- **Work task**
Only one stretch of the data should be retyped: the lines from the line containing "Image of A plastic" through the line containing "The female model is posing, wearing". Keep pictures out of it.

- **Exercise input**

•••

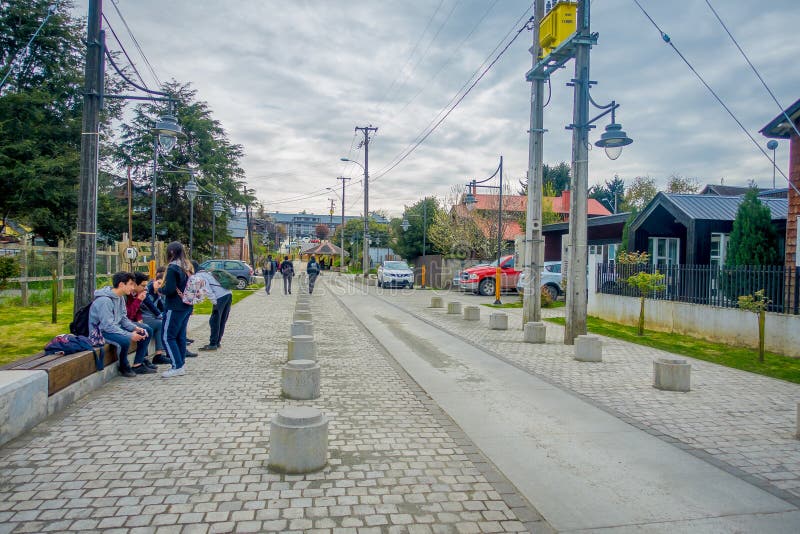 PUERTO VARAS, CHILE, SEPTEMBER, 23, 2018: Outdoor view of group of highschool students sitting at one side of a sidewalk stock photo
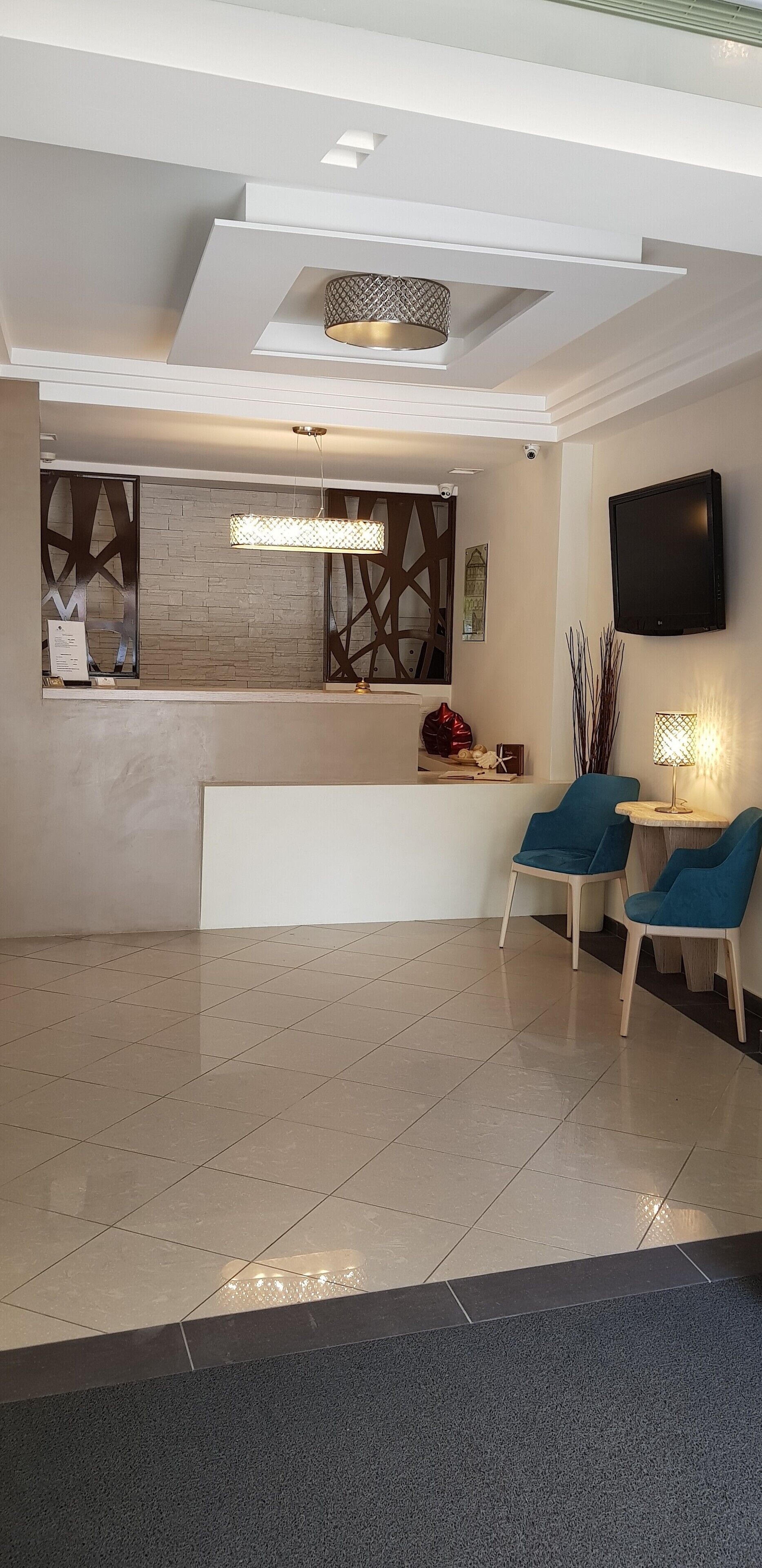 A modern reception area with a reception desk, two blue chairs, a flat-screen TV, and decorative wall panels.
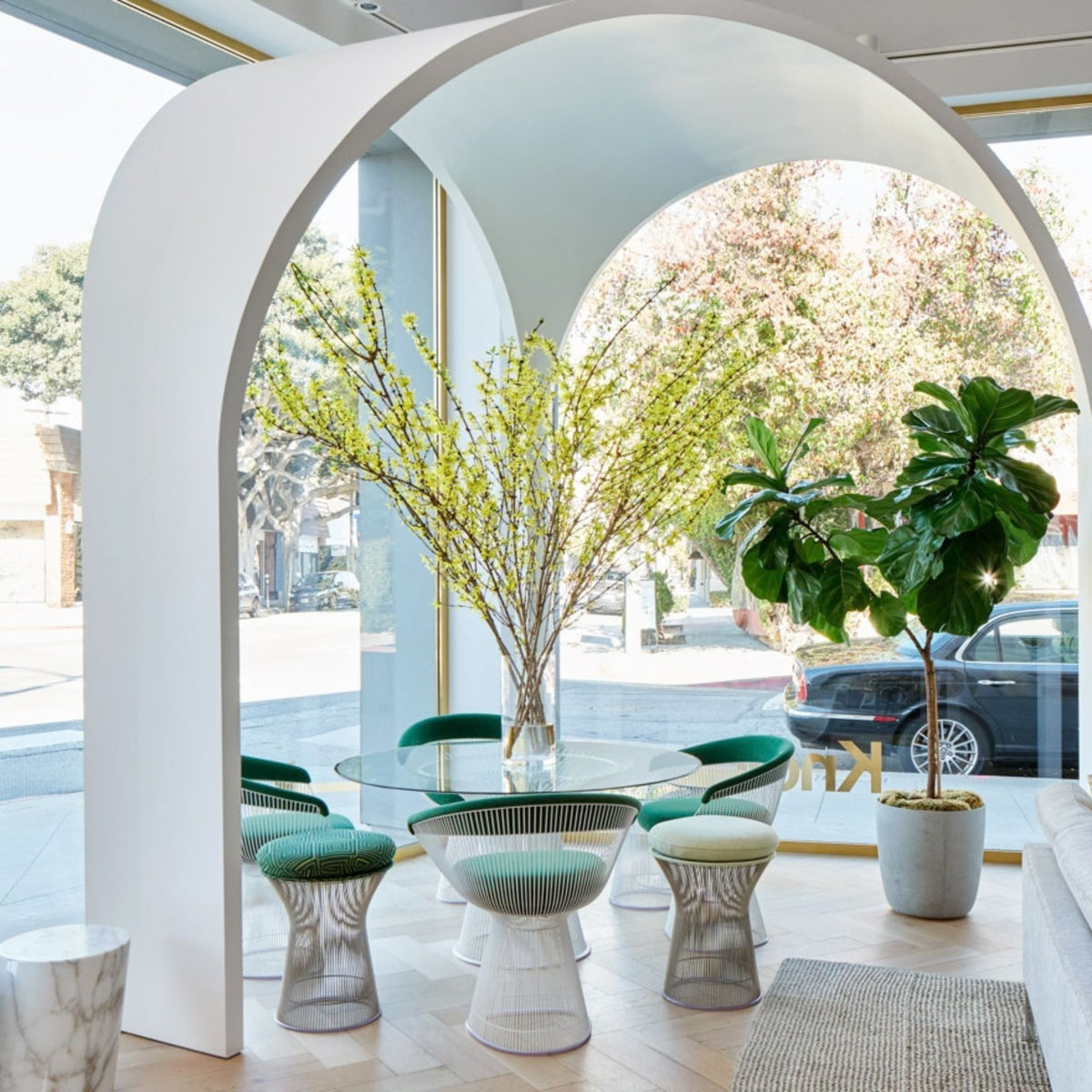 Modern dining space featuring a round glass dining table surrounded by green upholstered Platner wire dining chairs and matching Platner stools with polished steel rod bases beneath a sculptural white arch.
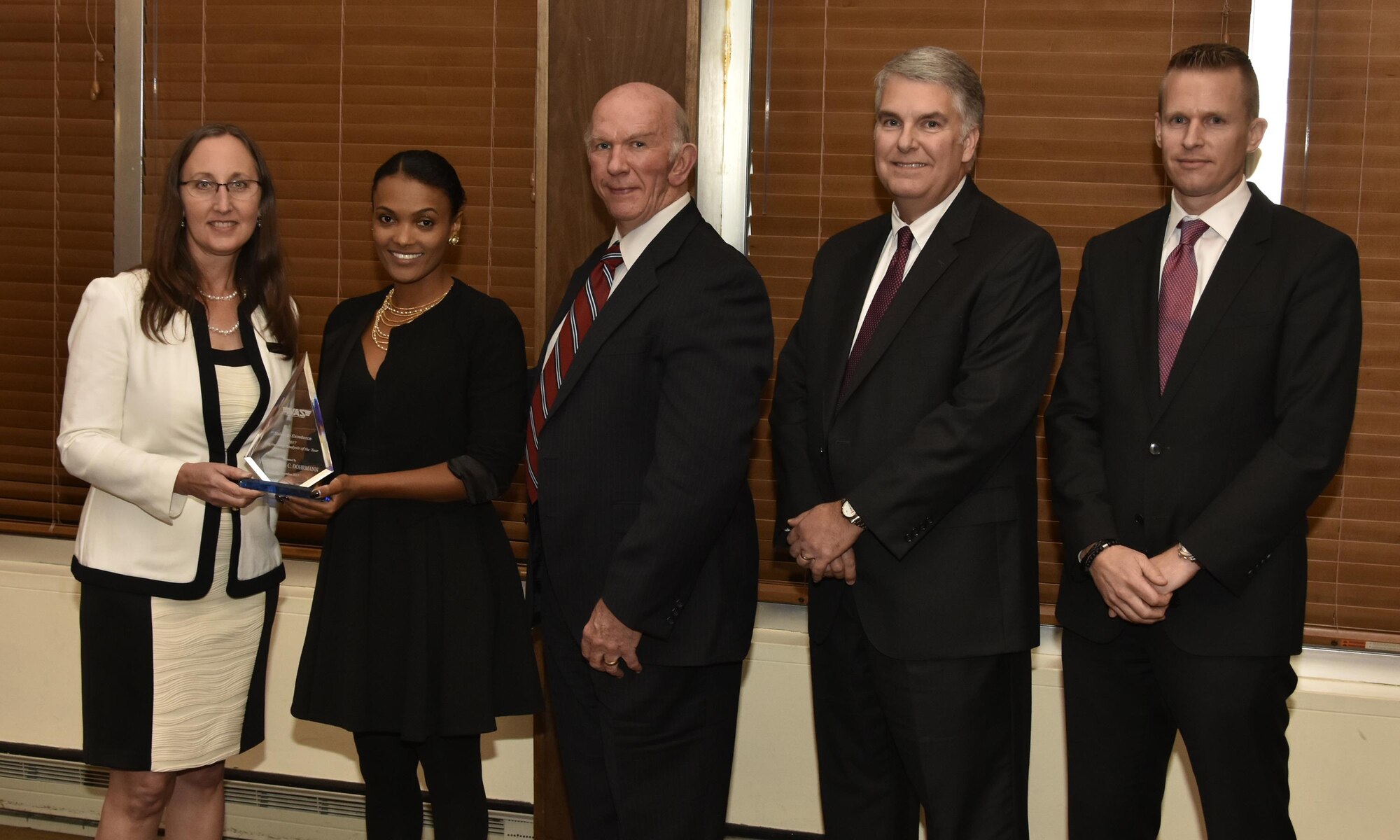 Yeshiemebe Dohrmann (second from left), NAS mechanical design engineer, receives the Engineering Analysis of the Year Award from NAS General Manager Cynthia Rivera during the National Aerospace Solutions 2017 Salute to Excellence Annual Awards Banquet held Nov. 16 at the Arnold Lakeside Center, Arnold AFB. Also pictured is NAS Deputy General Manager Doug Pearson, NAS Test and Sustainment Engineering Manager Jeff Henderson, and NAS Integrated Resources Director Ben Souther. (U.S. Air Force photo/Rick Goodfriend)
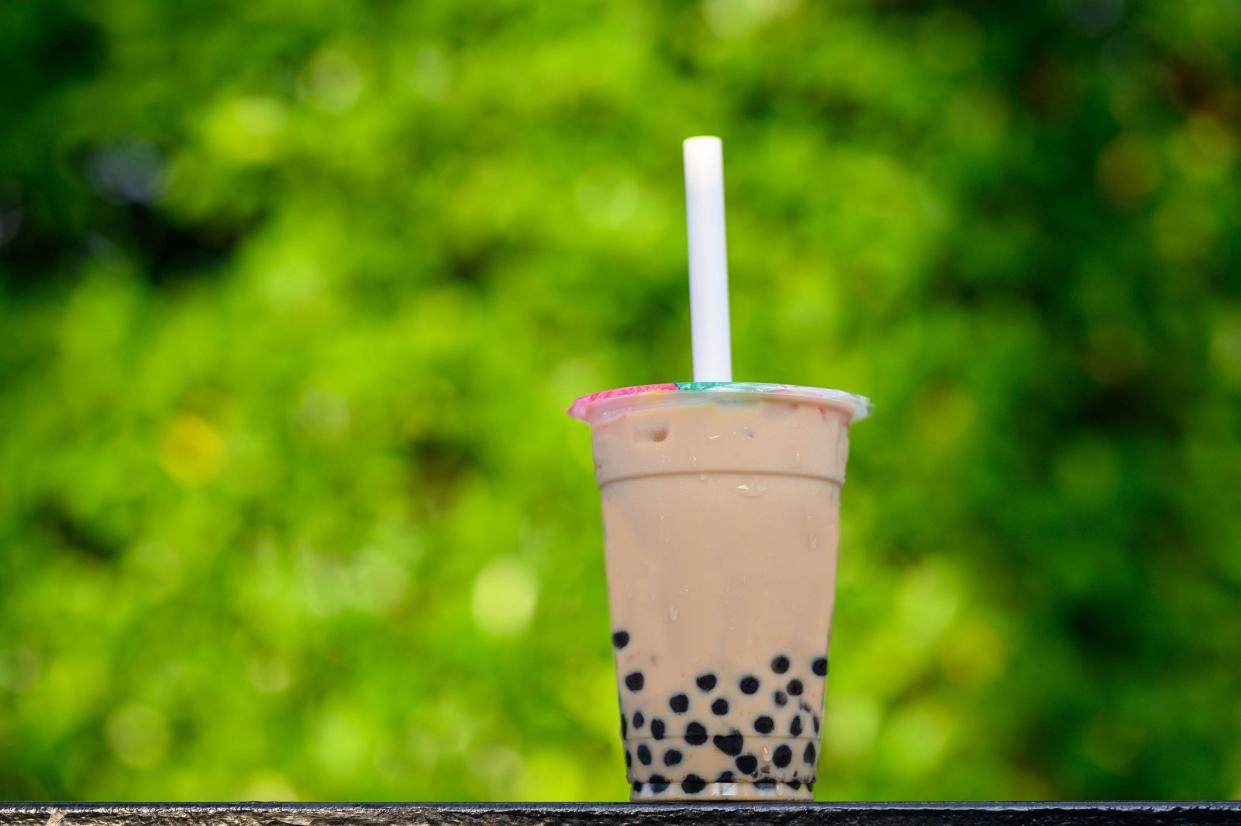 Image of A plastic cup of fresh milk with brown sugar boba drinks with green background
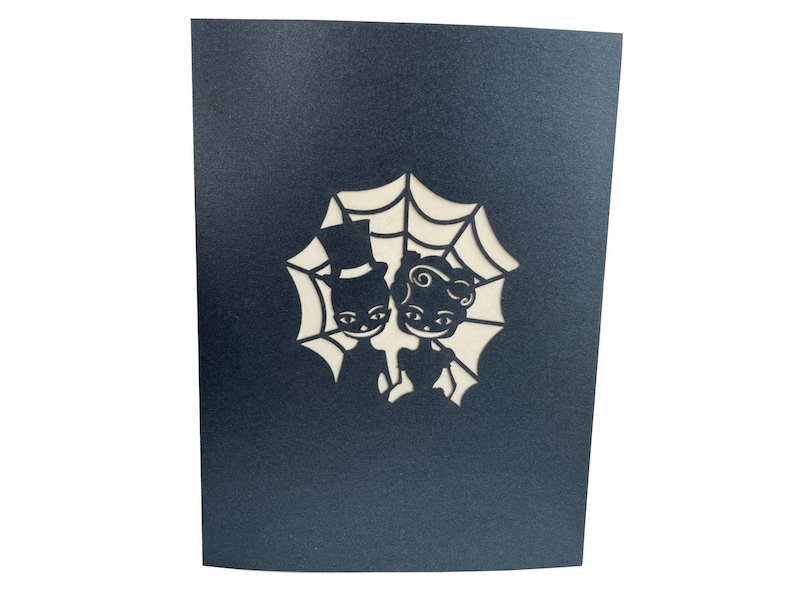 May include: A black card with a white cutout design of a couple dressed in Halloween costumes standing in front of a spider web.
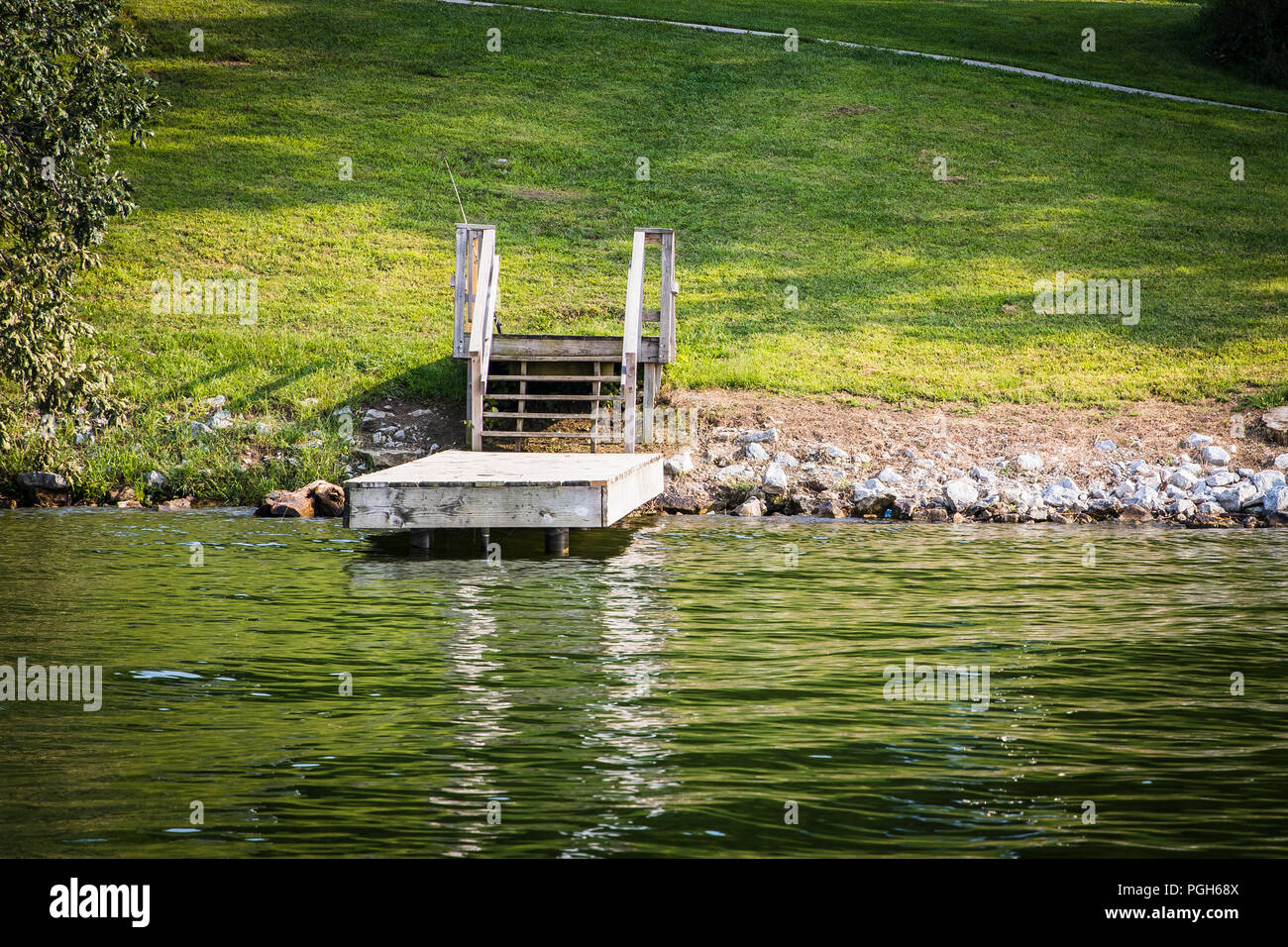 Holz Dock an einem See im Sommer von grünem Gras und Bäumen umgeben. Stockfoto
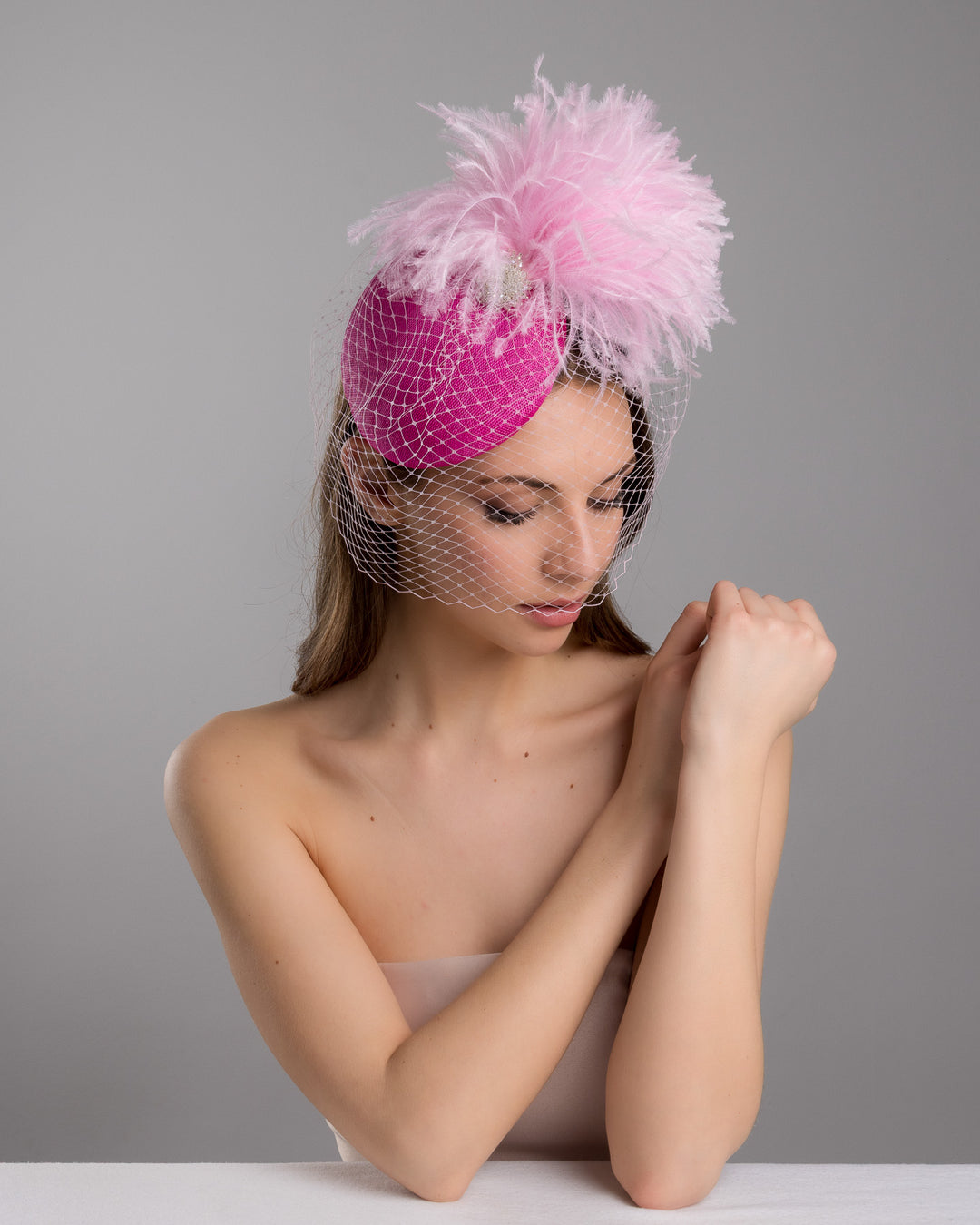 The female model is posing, wearing
Ever, the fuchsia velvet padded headband with a pink feather pom-pom detail, finished with a soft birdcage veil overlay and mounted on a slim black headband. Designed and made by Merve Bayindir Millinery.
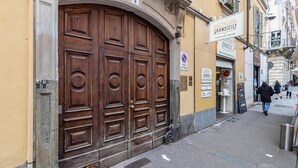 A large wooden door with a sign above it reading "Gransicily".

•••

- **Result below**
 Image of A plastic cup of fresh milk with brown sugar boba drinks with green background
 May include: A black card with a white cutout design of a couple dressed in Halloween costumes standing in front of a spider web.
 Holz Dock an einem See im Sommer von grünem Gras und Bäumen umgeben. Stockfoto
 The female model is posing, wearing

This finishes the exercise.